Ooooo here she comes (totally original subheader, do not steal)
Maneater is exactly the kind of bonkers idea we need right now: a people-eating shark sim.
I know what you’re thinking though. While there is plenty of dumb meme potential baked in, Tripwire actually managed to create a fun little arcade foundation for all of that madness to stand on.
Maneater (PC [reviewed], PS4, Switch, Xbox One)
Developer: Tripwire Interactive, Blindside Interactive
Publisher: Tripwire Interactive, Deep Silver (retail release)
Released: May 22, 2020
While this idea would be stale and gimmicky in the hands of a lesser studio, this is Tripwire we’re talking about (with Blindside Interactive): the same people who brought us the endlessly entertaining Killing Floor series.
The thing you need to realize quickly is that Maneater wears its campiness on its sleeve. Your main foe is a Cajun hunter who considers killing sharks “his sacred honor.” Killing 10 innocent beach-goers is your first “main quest.” The insanity keeps ramping up from there. You can comically breach on land where you have a reverse oxygen meter.
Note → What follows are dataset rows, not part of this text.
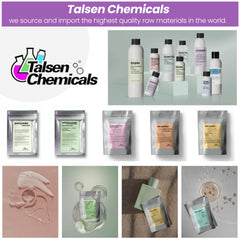 Allantoin powder swirl in clear bottle, silky texture hint.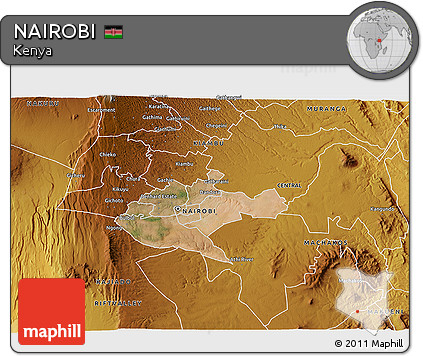 Satellite 3D Map of NAIROBI, physical outside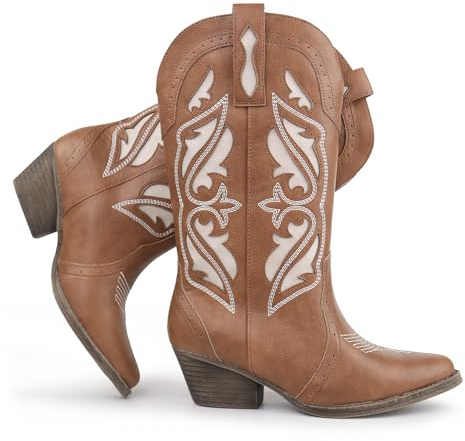Hawkwell Bottes cowboy femme à broderie - mi-mollet à bout pointu avec talon carré et entrée facile (taille 36-42)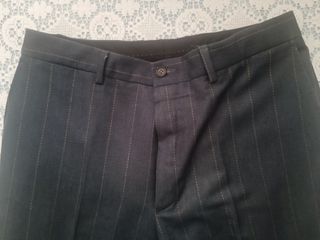 Traje HOMBRE gris/azul-rayas finas.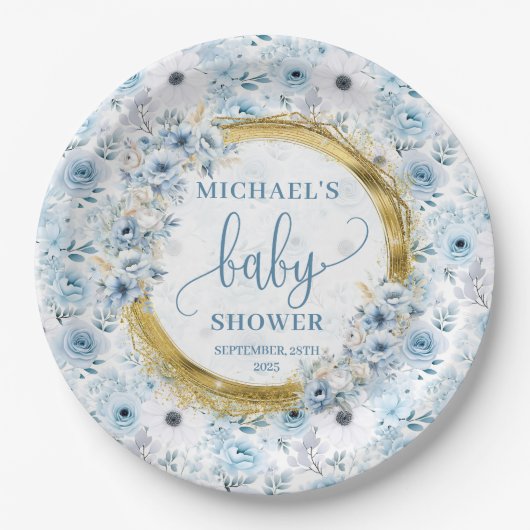 Süße staubblaue Blumen Golddusche personalisiert Pappteller (Vorderseite)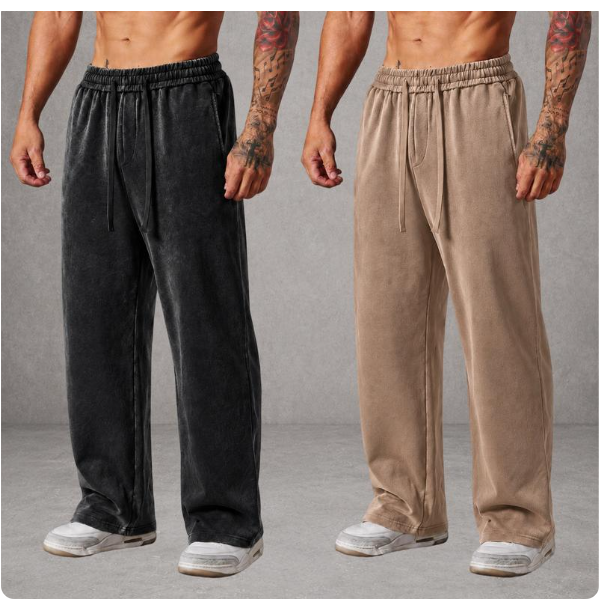 Men's Vintage Washed Baggy Heavyweight Fabric Sweatpants – Loose Straight-Leg Drawstring Pants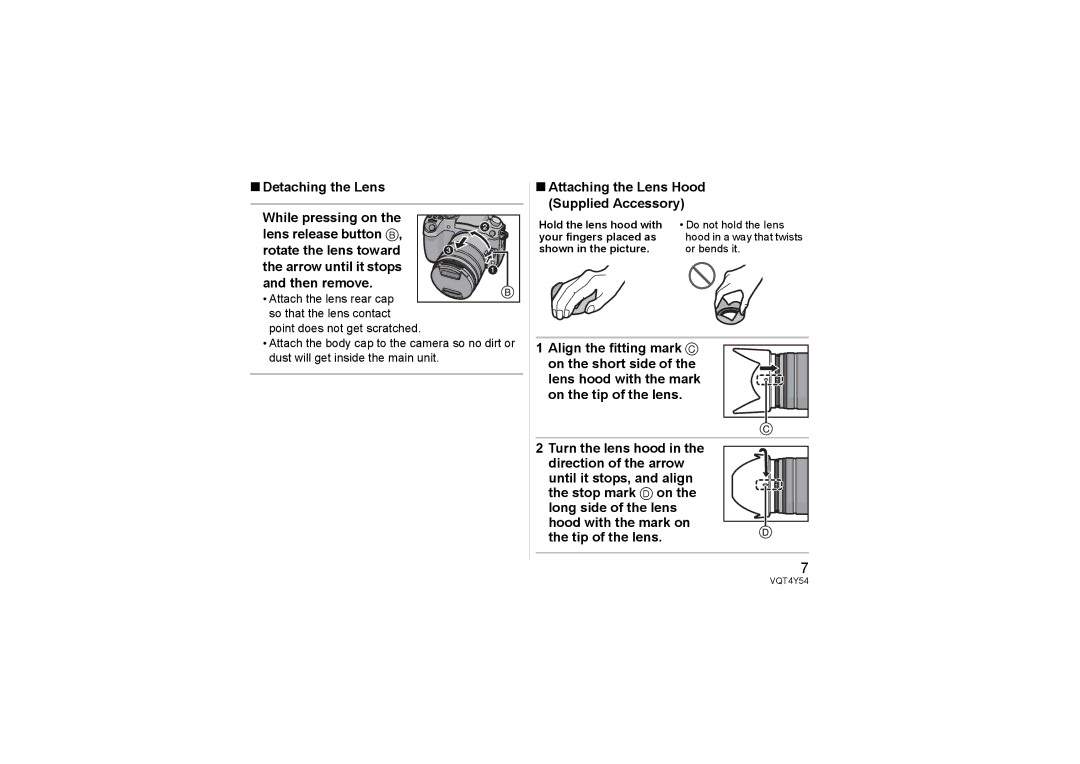 Panasonic H-FS14140 operating instructions Attaching the Lens Hood Supplied Accessory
The whole thing is framed around a Deadliest Catch-style reality show with Chris Parnell’s “Dr. Spaceman” voice serving as a narrator, which cleverly gives it a hook.
Maneater‘s other key DNA strand is the ability to level-up and evolve, growing and taking on new customizable body parts. The first thing that comes to mind is E.V.O.: Search for Eden for the SNES. I rented it on a whim one day and it completely dominated the next five days (ah rental periods) of my life. Similarly, you play as an evolving, rampaging creature with options for said evolutionary track.
And really, that’s the only thing that I can think of in terms of a direct comparison (Spore is a little different): a nearly three-decade-old Super Nintendo game. While many publishers like Devolver market “wacky and unique” experiences as a constant selling point, this one hits that mark more than most games in recent memory.
The core gameplay, as previously mentioned, is extremely arcadey. You’re going to be mashing that “bite” button a whole lot (it can get tiring), as well as the defensive-minded tailwhip (which you don’t really need) and dodge buttons. Our sharky protagonist can leap out of the ocean and chomp people off of boasts; and comically, bosses — outside of a few scripted ones that have armored boats — can be chomped like any other person for the most part.
To achieve all this you’ll need to navigate a very wonky lock-on system (that’s more of a “camera focus”) as well as an uncooperative camera. Here’s the thing: I can easily circumvent strange camera angles as long as I have control and can compensate. But in Maneater, the game constantly shifts between a “skimming” camera and an underwater one. It’s hard to reconcile the two during a huge boss fight when the game is fighting itself; trying to figure out which focus you want after a pivotal lunge.
Then, moments later, you’re back at it, smiling again. Having a shark flop around on land for extended periods in a Sea World parody park, eating people in the stands, isn’t something you see every day. There’s a lot of exciting moments with beast-to-beast combat, where it almost feels like a jousting match of apex predators. The constant stream of shark facts (again, enthusiastically delivered by Chris Parnell) is sure to delight, and the beautiful environments remind me of the recent bold and bright Hitman 2 aesthetics from IO Interactive.
It’s also interesting how adversarial the game is. Humans are constantly looking for you like GTA cops. Gators, other sharks, or even aggressive fish, just plain hate you. There are no real “friends” or “helpful NPCs,” you kind of just kill and eat everything. It’s refreshing!
Amid all that madness, it does become apparent that some of the RPG elements feel tacked-on or rote. You can take on enemies two to even three times your level with a certain degree of skill, but the leveling portions feel like an attempt to stretch out the game. “Quests” are usually “kill things” as you propel yourself toward the end of the “story.” That’s…mostly fine! This is an arcade action game: it’s almost framed like a beat ’em up, stage-by-stage.
As far as open-world comparisons go, the structure actually reminds me of the last few Far Cry games (right down to the “named” boss enemies with big bounty rewards), for better or worse. There’s “hidden package” open-world collectibles to find, hubs you can fast travel to so you can level up, and plenty of sidequests. The campaign will run you roughly 10 hours; slightly more if you do everything.
Beyond my umbrage with some of the RPG elements, there’s also the matter of Maneater-specific minor bugs. You can’t fast-travel unless you’re out of combat, but many times there would be no enemy in sight (and no one searching for me) and I still couldn’t trigger it. Some NPCs don’t count for quests even though they’re the same exact type and right in the target area. Many of the “apex” creatures (minibosses) are just bigger models with the same strategy. Again, it’s mostly minor, but it adds up.
Maneater squanders some of its potential, but it’s perfect for a rainy weekend when you’re craving something original. With some tweaks and patches, it’ll have an even brighter legacy; or at the very least, become a cult classic alongside more out-there projects in gaming history like Stubbs the Zombie.
[This review is based on a retail build of the game provided by the publisher.]